CHUTE DE LA NATALITÉ

[...] Cette croissance démographique, même ralentie, profite notamment aux grandes villes. Ainsi, la municipalité de Pékin compte désormais plus de 15 millions d’habitants, selon le dernier recensement publié jeudi par la presse. La population de la capitale chinoise s’élève à 15,2 millions dont 7 millions d’urbains. Quelque 4,5 millions vivent dans les zones rurales de la municipalité et 3,7 millions sont des migrants, installés en ville ou à la campagne. Le recensement de 2003 à Pékin faisait état d’une population totale de 14,5 millions.
Shanghaï, la plus grande ville du pays, compte plus de 17 millions d’habitants.
[...]


NOUVEAUX DÉFIS

(ND celine-en-chine : article précédent 1,3 milliard d’habitants cette semaine)


Avec AFP

LeMonde.fr - 06/01/05 9h05
voir article complet

1,3 milliard d’habitants cette semaine

Lundi 3 janvier 2005

PEKIN (AFP) - La population de la Chine continentale atteindra cette semaine 1,3 milliard d’habitants, selon des calculs du Bureau national des Statistiques (BNS) rapportés par l’agence Chine nouvelle.

Grâce à la politique de réduction du nombre des naissances mise en oeuvre par le gouvernement, le taux de natalité est tombé de 21,06 pour mille en 1990 à 12,41 pour mille en 2003. Dans le même temps, la croissance démographique a été réduite de 14,39 pour mille à 6,01 pour mille par an.

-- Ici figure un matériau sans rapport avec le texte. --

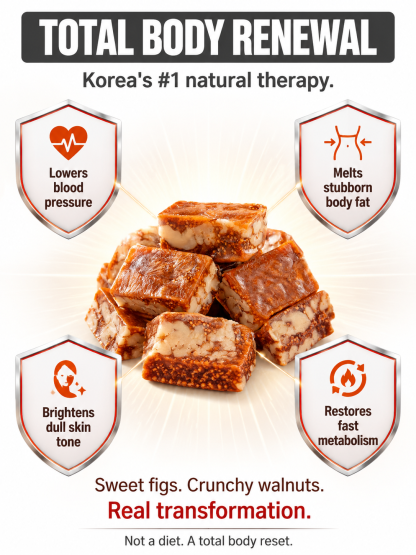 【South Jeolla Masterpiece】100% Natural Fig & Sesame Health Bars | Zero Added Sugar & Keto-Friendly | Nighttime Bathroom Relief • Rich in Antioxidants • Buy More Save More✨
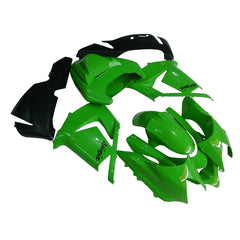 Kawasaki ZX-10R 2004-2005 Matte Black Green Lettered Style A front fender without logos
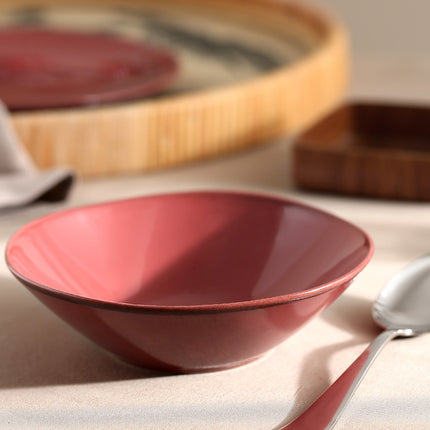 Colores Carmen Red Bowl – Elegant Dining Tableware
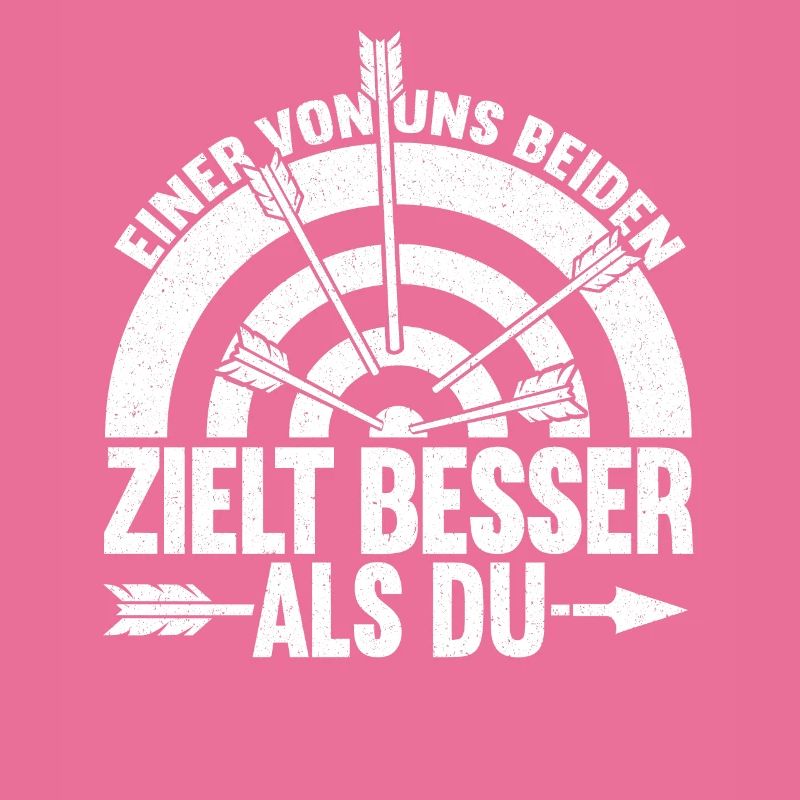 Bogenschütze Einer von uns beiden Bogenschießen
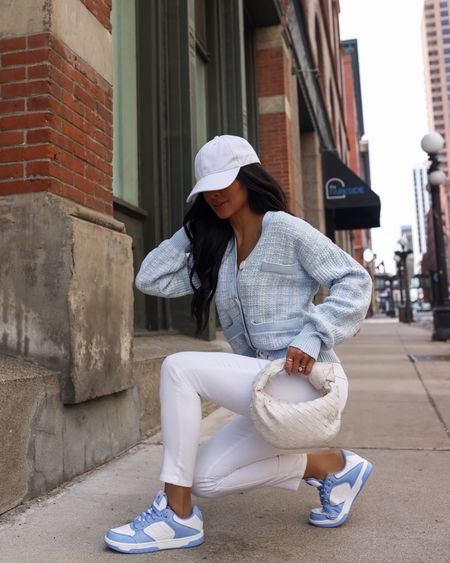 Walmart spring outfit ideas
Blue and white cardigan wearing an XS
White denim wearing a 0
Blue and white sneakers run TTS 
@walmartfashion #WalmartFashion #WalmartPartner

#LTKunder50 #LTKunder100 #LTKshoecrush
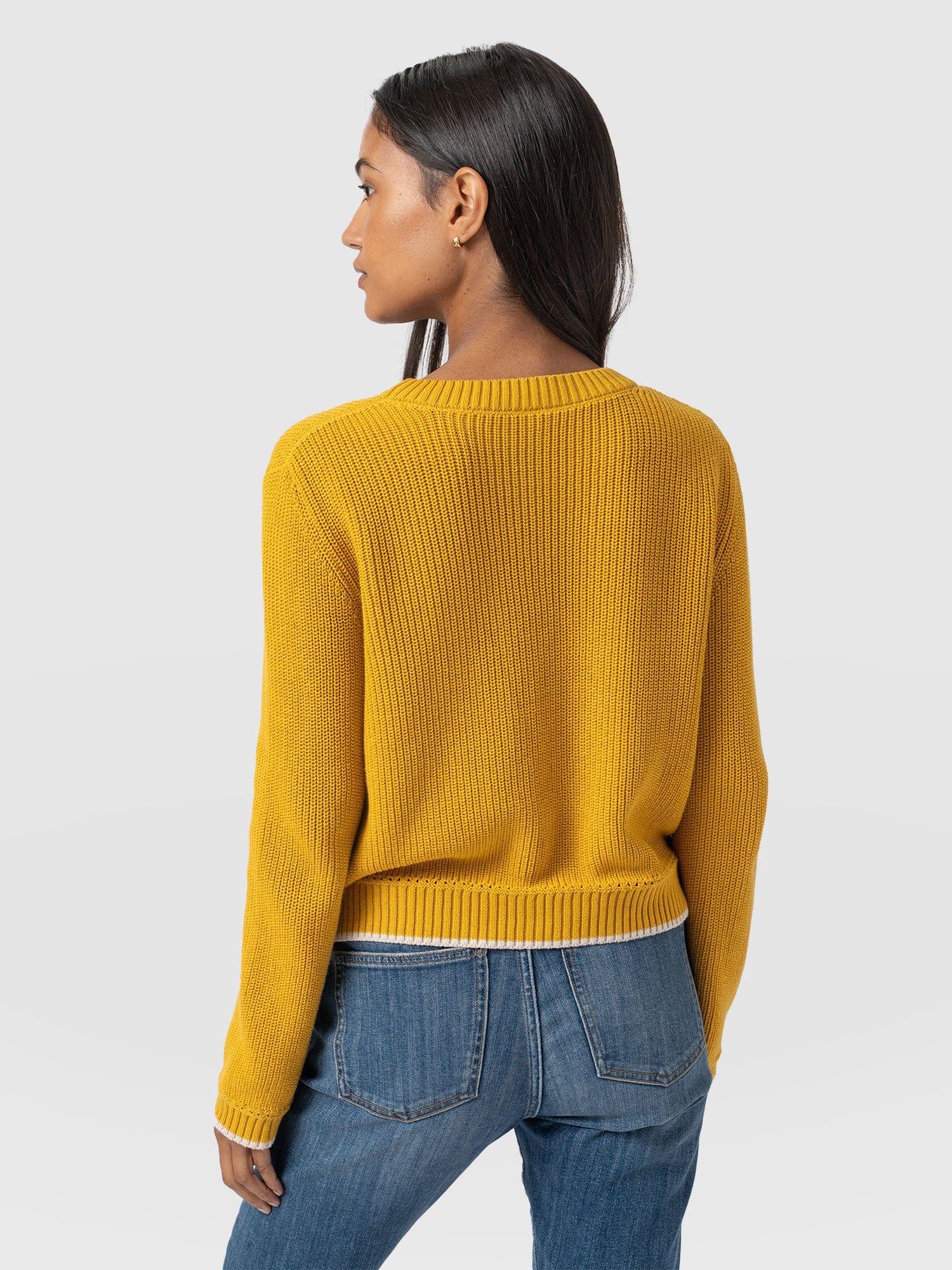 Remy Crop Jumper - Yellow - Image 6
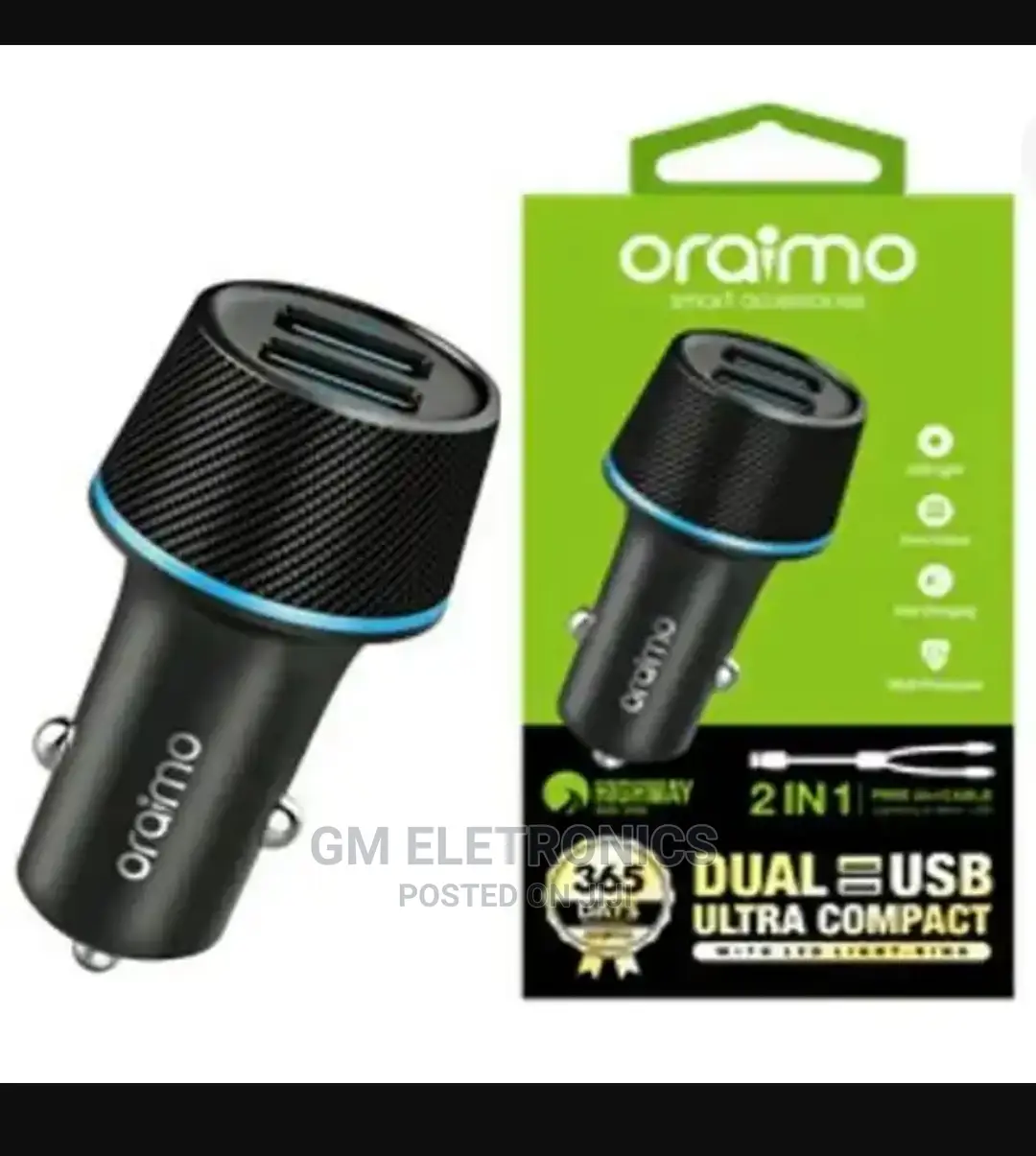 Oraimo Car Charger.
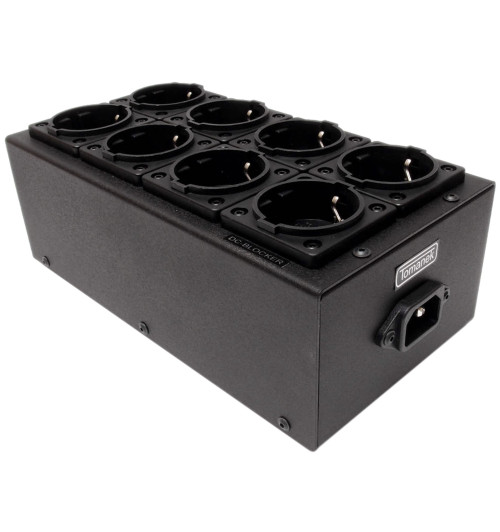 Tomanek TAP8+ – Listwa zasilająca z filtrem i DC Blocker - 8 gniazd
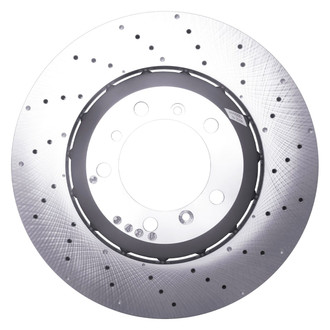 R1 Concepts® - Carbon GEOMET™ Drilled 1-Piece Rear Passenger Side Brake Rotor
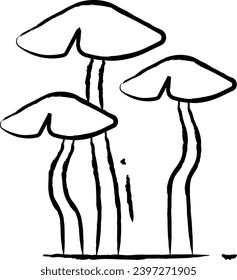 brown cap boletus hand drawn vector illustration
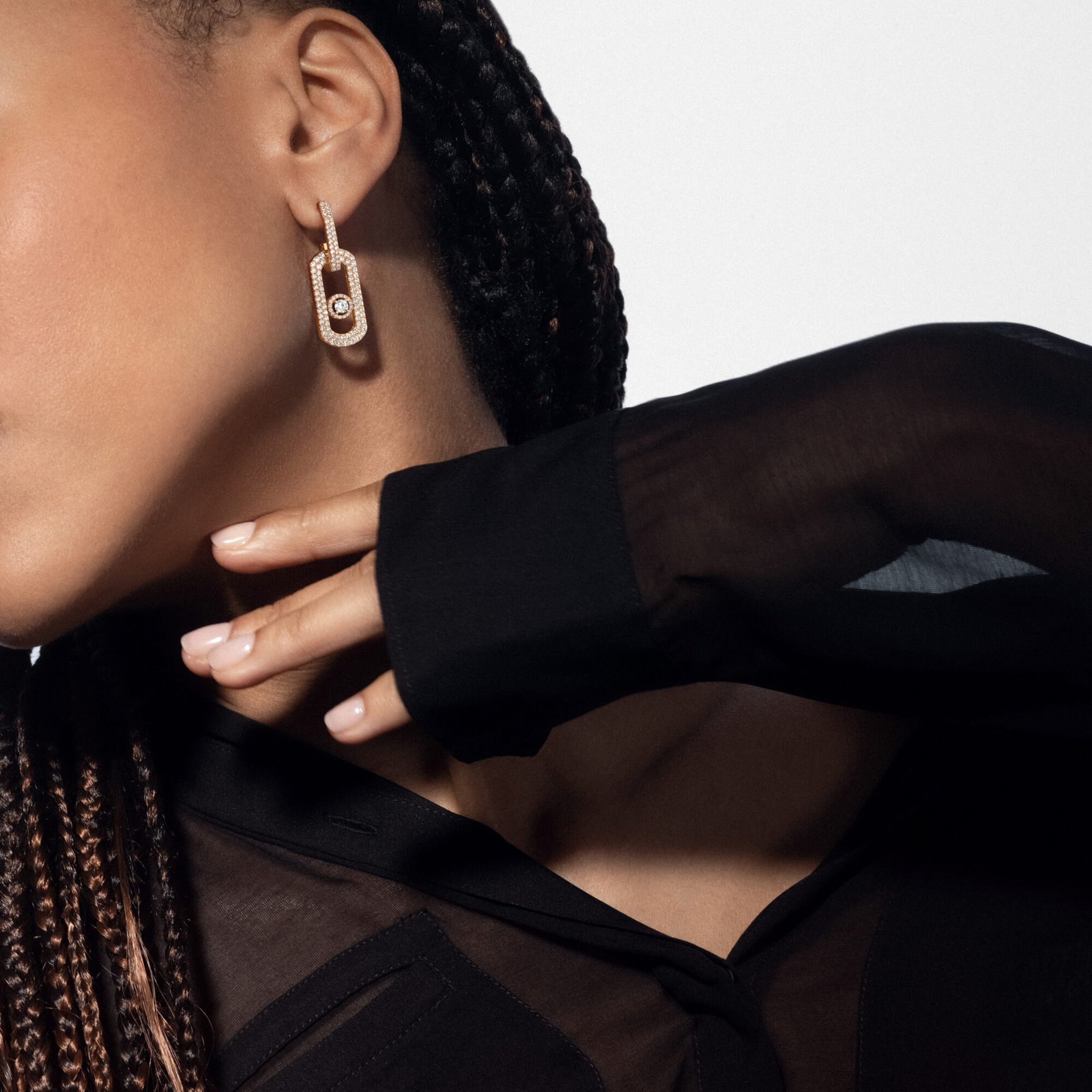 So Move XL Diamond Pavé Pendant Earrings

La très grande majorité des citadins, soit environ 40% de la population, ont aujourd’hui un seul enfant, voire pas du tout. Dans la plupart des régions, les paysans sont autorisés à avoir un deuxième enfant si le premier est une fille.

“La Chine a fait des efforts persistants pour réduire sa croissance démographique depuis 30 ans”, selon un responsable de la Commission nationale du planning familial cité par l’agence officielle. “Mais la Chine va être confrontée à des défis nouveaux et difficiles à relever”, a-t-il ajouté.

Avec l’allongement de l’espérance de vie, le vieillissement de la population est aujourd’hui très rapide et l’excédent de naissances de garçons par rapport aux naissances de filles pose un grave problème dû à la pratique, interdite mais largement répandue, des avortements sélectifs.

Alors que la grande majorité de la population rurale n’a pas de retraite, les paysans ont besoin d’une descendance masculine pour assurer leurs vieux jours, les filles partant selon la coutume vivre chez leurs beaux-parents une fois mariées.